The barnyard only functions when all of its parts are functioning.  Animals serving their purpose.  Farmer serving his animals.  Nature giving as she will and takes away as she pleases.  A crippled animal takes away everyone.  Takes food and water that does the least benefit.  Takes time for the farmer to attend to one that can’t tend to itself.  Sometimes, the imperfect can be made whole.  Reality dictates that life will run its course and require that crippling conditions must be corrected or overcome.  Life requests our very best if one hopes to survive.  Life demands much more in order to flourish.  The bad news for livestock is that the potential for a cripple grows small.  The good news for people is that we have options and power over our crippled condition.
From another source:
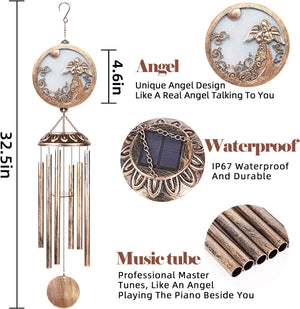 Solar Angel Wind Chimes for Outside Memorial Wind Chimes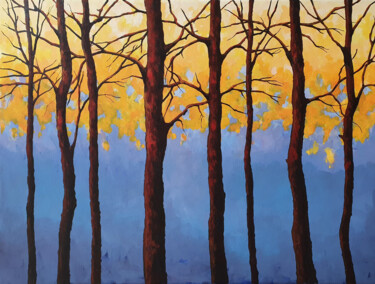 Painting titled "Trees (2)" by Tatiana Karchevskaya, Original Artwork, Acrylic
I watched a video from a series called This American Life.  The episode, titled The Spy Who Loved Everybody, concerned a prank where a large group attended a small band’s nightclub gig in order to make that one night “the best gig ever”.  Initially, the band was amazed.  Later, they found out it was prank.  The take from both the individual pranksters and the individual band members varied widely and in opposite directions.  What was revealed, from my perspective, was that good intentions don’t have guaranteed results and a crippled person is the only one who can escape his impairment.

The prank leader who confected the “best gig ever” was made aware of the unintended results of mission and his agents.  Though harm was not the intent, it was undeniable that when the band found out the blowout gig was staged, they were crest fallen.  This fellow concluded that since that because their intentions were good, that it was still a positive thing.  One might call his intentions a good dream and the reality a bad nightmare.  In any case, the pranksters continued their good intentions and the same varying and often unexpected results.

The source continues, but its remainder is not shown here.